Making it an adventure
When Holck travels, he does it for the ride. More than arriving at the destination, his thrill and enjoyment comes from the overall journey — from surviving the weather, the obstacles and experiencing what happens in between.
“That’s what makes it an adventure,” said Holck, who started riding a dirt bike when he was only 9 years old.
There was an urgency to ride through Mexico. He wanted to experience the gravel, the mystery and adventure highways that aren’t yet lined with motorhomes and Cadillacs. In the next few years, his route will be paved.
Facing rugged terrain
Holck was lured to Mexico by two places: Copper Canyon and the city of Oaxaca.
The wide, sprawling canyon known for its time-consuming switchbacks is a destination any adventure rider strives to visit. For Holck, it was an item he had wanted to check off his own bucket list.
The thrill is telling other riders that he did the ride. He often hears responses like, ‘“You’ve been to the Copper Canyon? Oh my God … I’m scared of getting my head cut off,’” he said.
The three travelers had a hotel room in Creel, just before the canyon. Before heading into the canyon, they unloaded their baggage and had only their jackets and helmets. They had expected to be gone just a day.
They didn’t return to the hotel for three days.
The hotel — wondering who would pay for the room — quickly reported them as missing.
The riders, though were in the canyon, slowly making their way up switchbacks, through a river and, admittedly, a little lost.
“It was very rugged,” Holck said, “some of the most rugged terrain I’ve ever done.”
After a night spent in a motel at the bottom of the canyon, they found their way out, where police questioned them immediately, “Douglas? Douglas?”
Nicol, having made the trek through Mexico to Panama years before, decided to return home after the trip through Copper Canyon.
Conquering the canyon was only the beginning of Holck’s trip. There were still long days and weeks of driving 100 to 250 miles a day.

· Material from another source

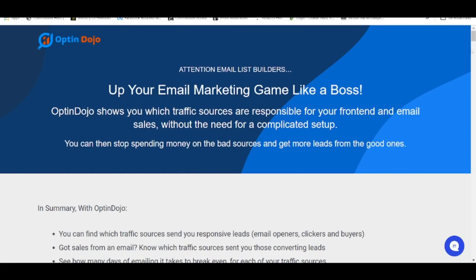Even if you're purchasing from one Solo Ad vendor at a time and get a front-end sale, you know it's generally attributed to that traffic source. However, as the saying goes, the money is in the list — not in the front-end sales. Every time you send out email broadcasts or automation messages and get sales, the problem is you're not able to attribute which Solo Ad vendor originated those leads. This is definitely important because we want to know which Solo Ad vendor is giving us the fastest ROI.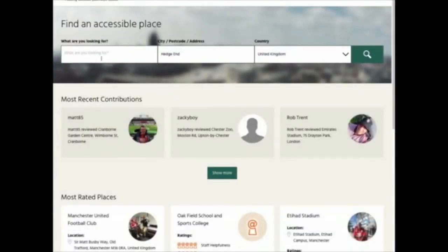After that you need to decide what you're looking for and what you want to review. In this case we're going to review Everton Football Club. So in the 'what are you looking for' field we type Everton FC and in the city, obviously, it's Liverpool. Then we click on the magnifying glass on the right to search for that place.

They drove back roads, avoiding traffic hazards, including an area around Tampico, where everyone in his motorcycle club warned him of corrupt cops who targeted riders.
Between Tampico and Oaxaca, Holck and Miller split ways. Holck was going to meet his wife and daughter in Oaxaca, while Miller attempted to cross the Belize and Guatemala borders. They would meet up later in the week to continue the trek home.
What moves the soul
Holck has always been intrigued by the large city of Oaxaca that sits between Mexico City and Southern Mexico. It is old and busy with 800,000 residents. Unlike the rest of Mexico that celebrates its Mayan and Aztec heritage, Oaxaca celebrates its Zapotec heritage.

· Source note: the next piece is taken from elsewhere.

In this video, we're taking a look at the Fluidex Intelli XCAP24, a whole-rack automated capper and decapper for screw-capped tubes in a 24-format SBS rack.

With his wife and daughter, who flew to meet him, he explored Monte Alban, the only Zapotec ruin he says the Spanish didn’t find and build a Catholic church on top of.
For a week, they explored natural wonders, like Hierve el Agua — mineral waterfalls made of salt, brine and limestone. They lounged in the pool, and lingered over breakfasts of pancakes and huevos rancheros.
But the family vacation came to an end, and it was time for Holck to meet up with Miller once again and head up the Pacific coast, through Puerto Escondido, San Marcos, Acapulco. They were going home.
In Mazatlan, they waited for a ferry to take them on an 18-hour trip to Cabo San Lucas.
It was the last home stretch. They would be in San Diego in a few days. Holck would ride to Lodi, while Miller would continue north to Vancouver.
He was proud. The trip was a success. He’d met travelers from all over the world. He’d had conversations with the wealthiest and poorest of locals. Motorcycles — and every part that comes with it: the freedom, the excitement, the enrichment — excited him more than ever.
That feeling hasn’t left him. But, sitting in his home office looking at the 1,200 photos he has on his computer from those six weeks, he sums it up like this, with one of his many mantras:
“Four wheels move the body, two wheels move the soul.”